India imports nearly 80 percent of its crude needs. Its state-run oil firms have been hit hard this year because the government, facing tough state and national elections, has not allowed significant increases in retail fuel prices to offset the impact of higher crude prices and a sharp fall in the rupee.
Fuel subsidies for the fiscal year ending March 2014 are expected to be 1.4 trillion rupees ($22 billion), more than double the budgeted number. Explorers such as ONGC and Oil India are forced to share the burden by selling crude to state refiners at a fixed $56 per barrel discount to global prices.
ONGC posted a net profit of 60.64 billion rupees ($953 million) for the quarter ended Sept. 30, up 2.8 percent from 58.97 billion rupees last year. Net sales rose 12.8 percent to 223.12 billion rupees.
Analysts, on average, had expected a net profit of 59 billion rupees, according to Thomson Reuters Starmine data.
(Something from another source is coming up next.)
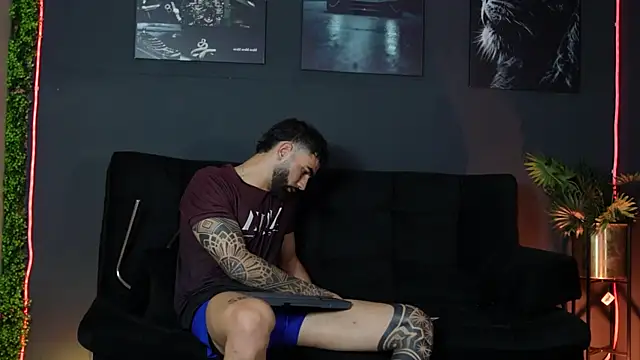 Austin bolt online show from December 2025 02:41:02 AM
"Their margins are under pressure. The subsidy burden is taking its toll, but its not something they have control over," said Jagannadham Thunuguntla, head of research at SMC Global Securities.
These are the first results since ONGC entered into a $2.6 billion deal to acquire a 10 percent stake in Mozambique's offshore Rovuma gas basin. Last month, it also agreed to buy a 12 percent of a Brazilian oil block in a $529 million deal.
The flat profit may lower the comfort level for investors and lenders at a time when ONGC is raising funds in the debt markets to finance its growth plans.
State-owned retailers Indian Oil Corp, Hindustan Petroleum Corp and Bharat Petroleum Corp reported steep profit declines for the quarter, hit by foreign exchange losses and lower subsidy compensation from the government.
Analysts expect the finances of state fuel retailers to remain under pressure for the next few quarters, given their high level of borrowings and the expected delay of about six months in receiving compensation for the losses on fuel sales.
ONGC said it gave discounts of 137.96 billion rupees to state refiners compared with 123.30 billion a year earlier. As a result, its net realisation fell to $44.8 per barrel from $46.8 a barrel a year ago. The company estimates it needs around $60 a barrel to keep operations viable.
Shares of ONGC, India's fourth-biggest company by market value, closed 1.1 percent higher ahead of the results. The stock is nearly flat so far in 2013, compared to a 2 percent fall in the sectoral index.